• [DATA PROVIDED]:
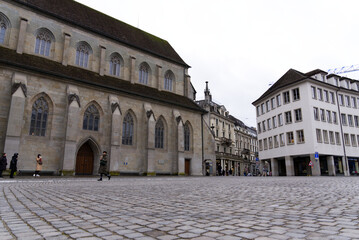 Fototapeta na wymiar Protestant church Women's minster with paving stones at Minster Square in the old town of Zürich at a gray and cloudy winter day. Photo taken February 1st, 2022, Zurich, Switzerland.
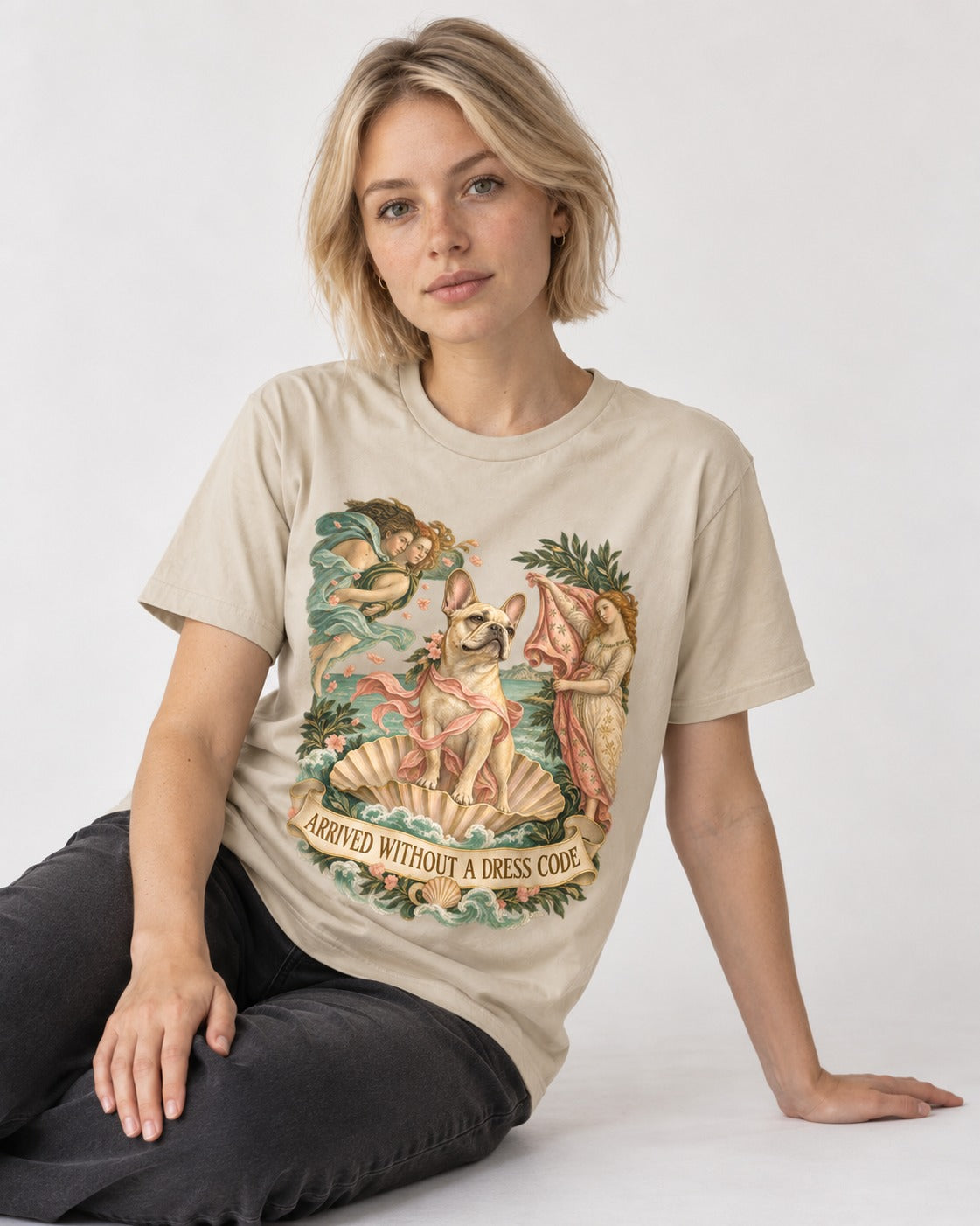 Frenchie Without a Dress Code T-Shirt in Sand, worn by a seated model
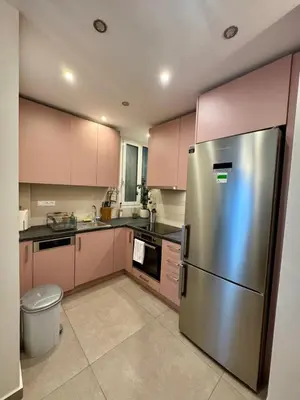 a kitchen with pink cabinets and a stainless steel refrigerator at Acropoli 1 Bedroom Flat with Rooftop Acropolis View in Athens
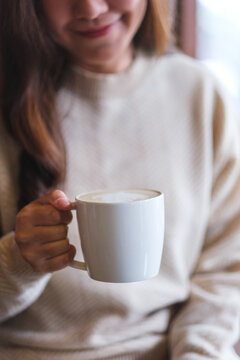 Vertical closeup image of a woman holding and drinking hot coffee in cafe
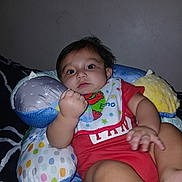 Amar joined the competition — help win amazing prizes! baby, bib, blanket, child, cushion, cute, expression, face, furniture, hand, indoor, infant, looking_at_camera, person, pillow, polka_dot, red_clothing, sitting, skin, young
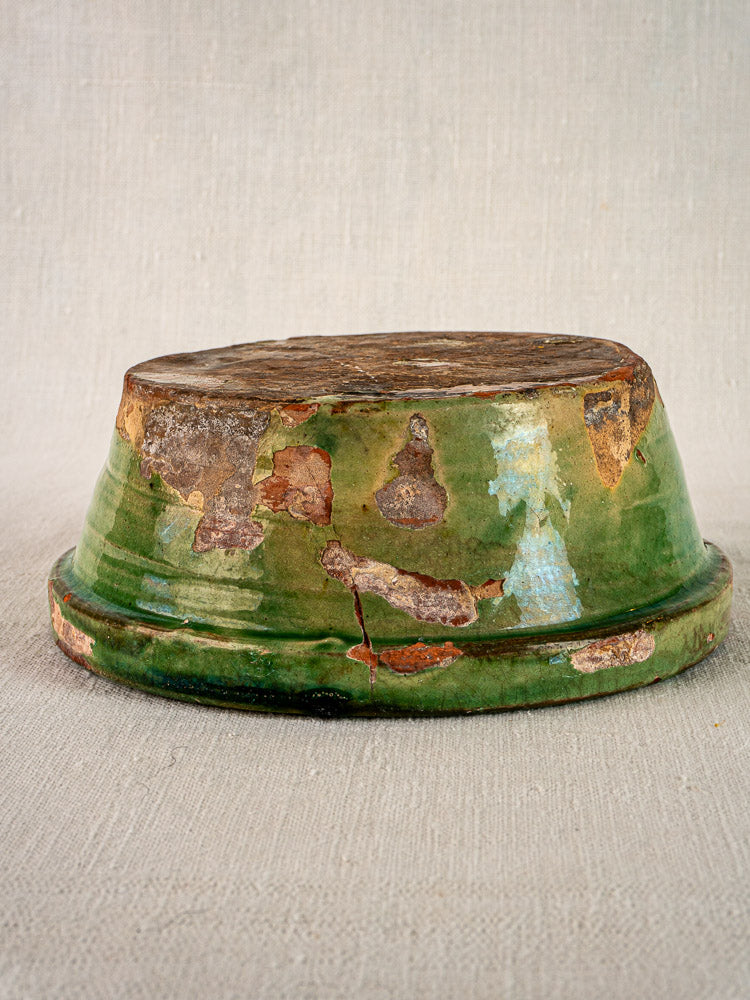 Antique French Tian bowl with green and yellow glaze, terracotta exposed, on beige textured surface.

• [WORK TO COMPLETE]: Output nothing but the lines from the line with "Vertical closeup image" through the last line of the material above, please, word for word and without the pictures.

• [TASK RESPONSE]:
 Vertical closeup image of a woman holding and drinking hot coffee in cafe
 Amar joined the competition — help win amazing prizes! baby, bib, blanket, child, cushion, cute, expression, face, furniture, hand, indoor, infant, looking_at_camera, person, pillow, polka_dot, red_clothing, sitting, skin, young
 Antique French Tian bowl with green and yellow glaze, terracotta exposed, on beige textured surface.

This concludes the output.